WHAT YOU NEED TO DO. Below is a set of records, and all of them should be retyped exactly, minus the pictures.

DATA SUPPLIED.
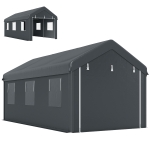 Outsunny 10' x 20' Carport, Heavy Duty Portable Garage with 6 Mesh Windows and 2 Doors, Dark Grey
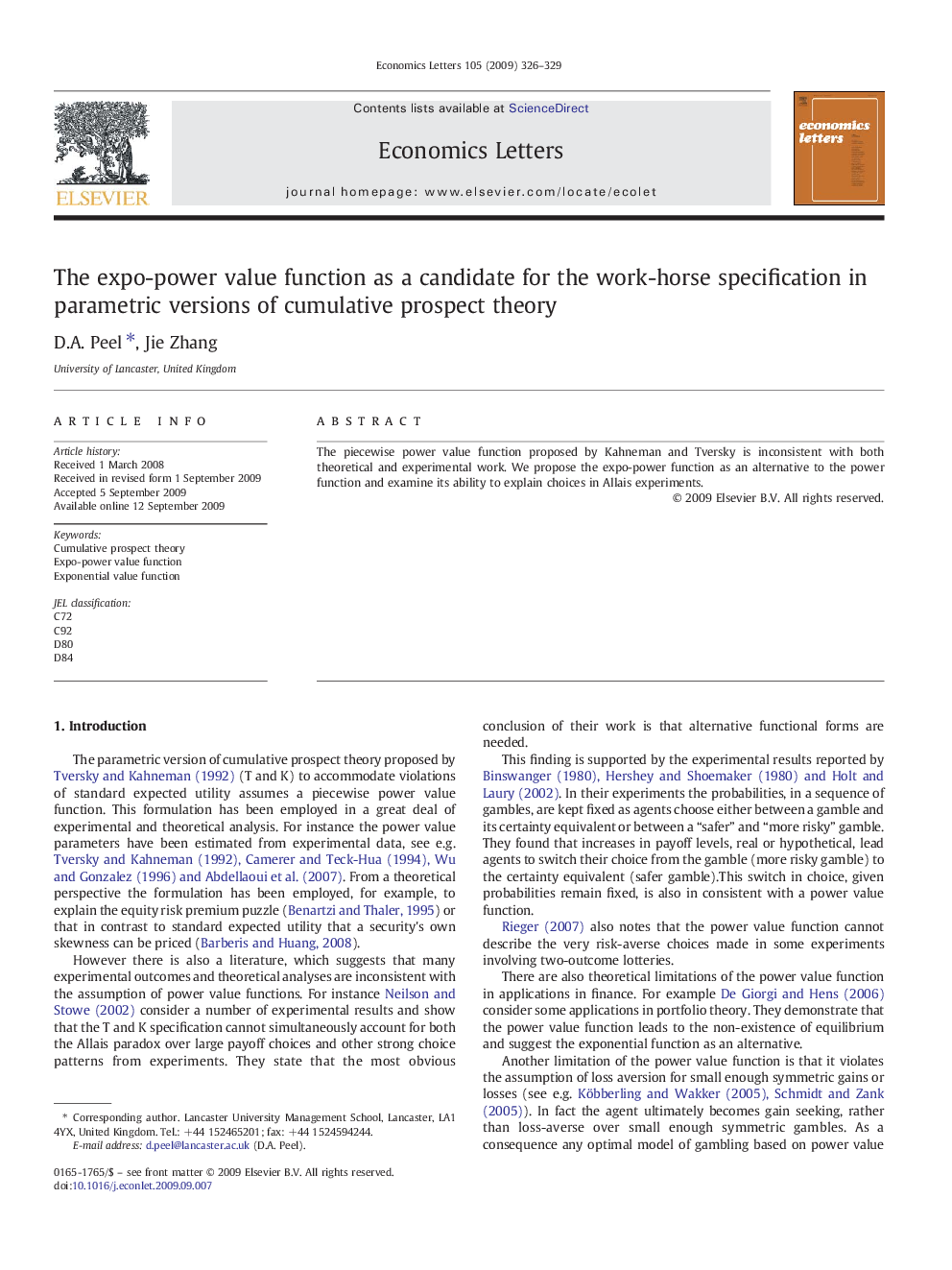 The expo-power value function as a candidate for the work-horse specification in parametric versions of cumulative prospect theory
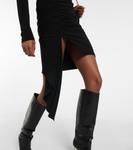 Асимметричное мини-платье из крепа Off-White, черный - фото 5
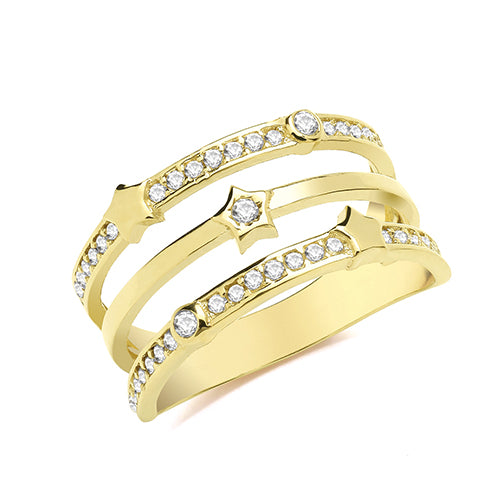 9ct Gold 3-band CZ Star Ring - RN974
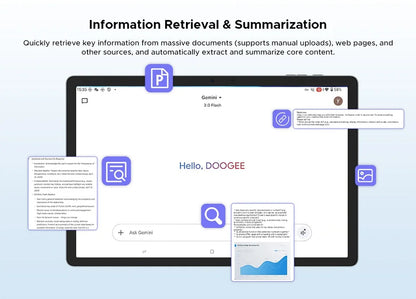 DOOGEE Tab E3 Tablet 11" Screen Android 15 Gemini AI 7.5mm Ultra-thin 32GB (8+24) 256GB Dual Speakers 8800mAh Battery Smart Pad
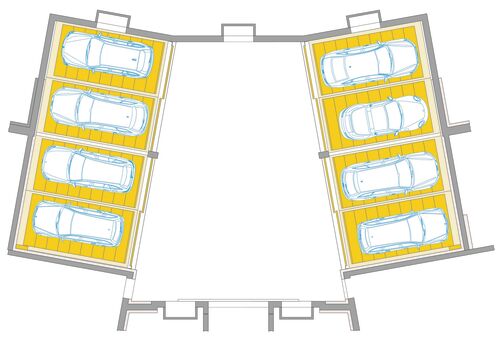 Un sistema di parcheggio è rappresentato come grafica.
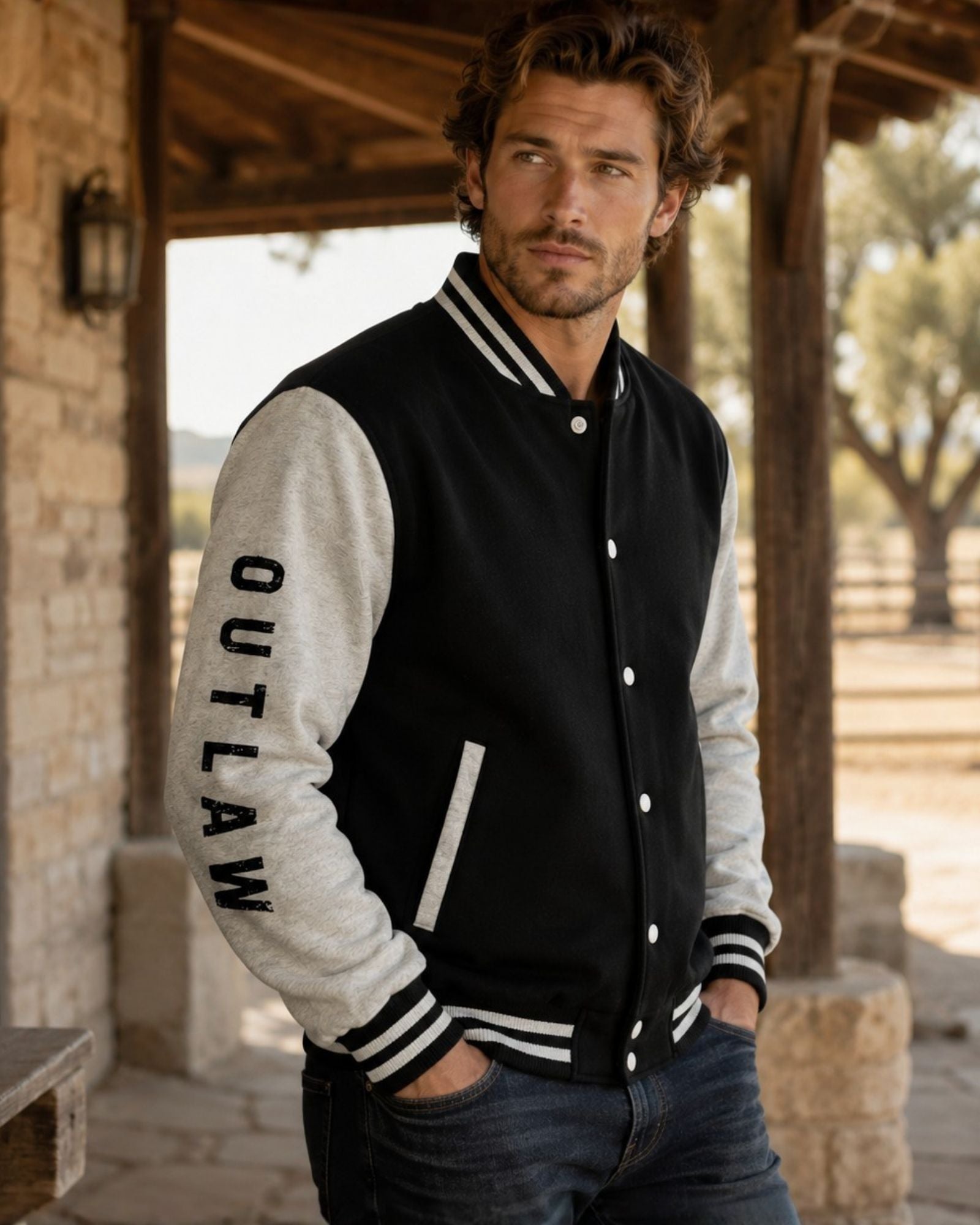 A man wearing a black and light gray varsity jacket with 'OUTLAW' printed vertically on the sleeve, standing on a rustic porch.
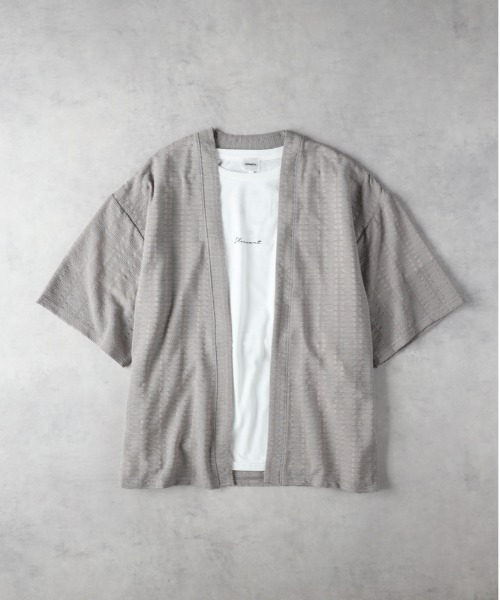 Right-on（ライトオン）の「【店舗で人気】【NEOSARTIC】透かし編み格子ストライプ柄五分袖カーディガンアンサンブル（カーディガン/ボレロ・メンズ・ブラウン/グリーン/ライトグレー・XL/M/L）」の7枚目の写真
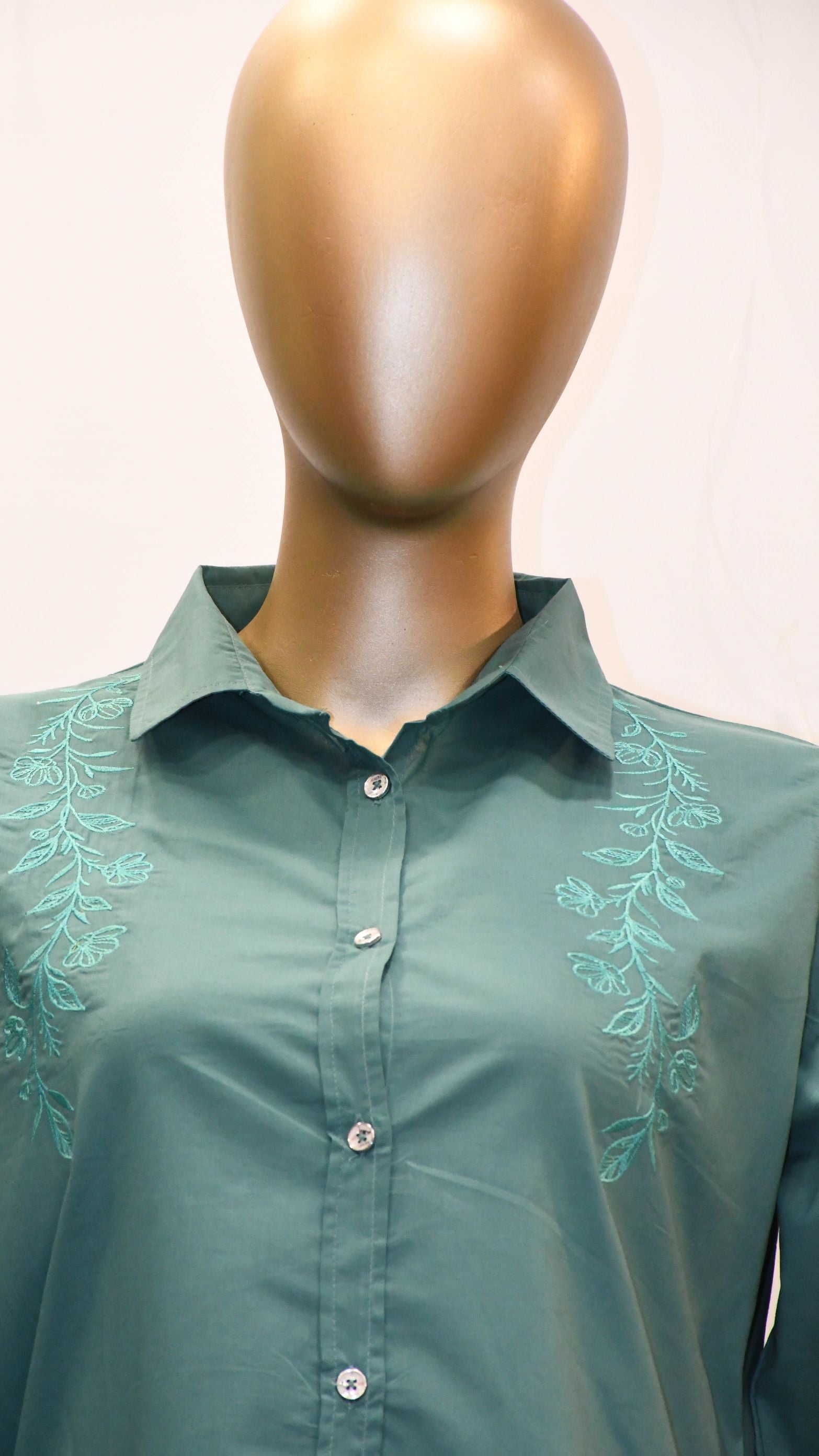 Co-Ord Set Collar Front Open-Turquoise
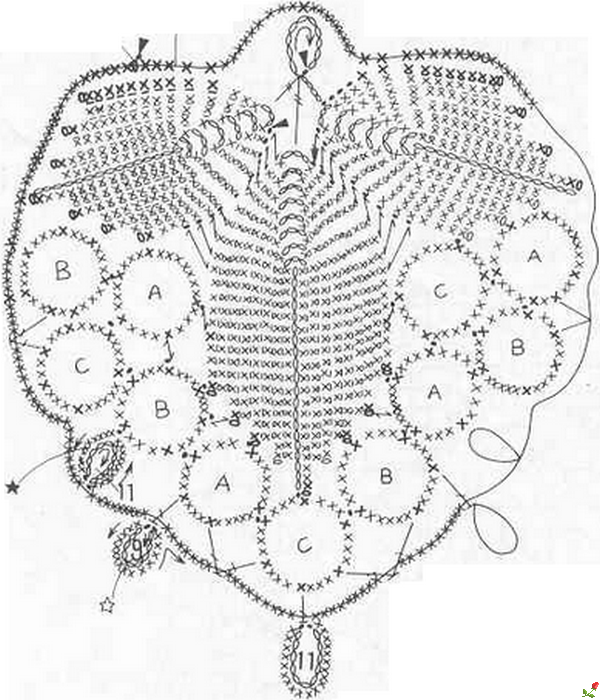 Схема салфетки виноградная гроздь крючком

ANSWER TO THE EXERCISE.
 Outsunny 10' x 20' Carport, Heavy Duty Portable Garage with 6 Mesh Windows and 2 Doors, Dark Grey
 The expo-power value function as a candidate for the work-horse specification in parametric versions of cumulative prospect theory
 Асимметричное мини-платье из крепа Off-White, черный - фото 5
 9ct Gold 3-band CZ Star Ring - RN974
 DOOGEE Tab E3 Tablet 11" Screen Android 15 Gemini AI 7.5mm Ultra-thin 32GB (8+24) 256GB Dual Speakers 8800mAh Battery Smart Pad
 Un sistema di parcheggio è rappresentato come grafica.
 A man wearing a black and light gray varsity jacket with 'OUTLAW' printed vertically on the sleeve, standing on a rustic porch.
 Right-on（ライトオン）の「【店舗で人気】【NEOSARTIC】透かし編み格子ストライプ柄五分袖カーディガンアンサンブル（カーディガン/ボレロ・メンズ・ブラウン/グリーン/ライトグレー・XL/M/L）」の7枚目の写真
 Co-Ord Set Collar Front Open-Turquoise
 Схема салфетки виноградная гроздь крючком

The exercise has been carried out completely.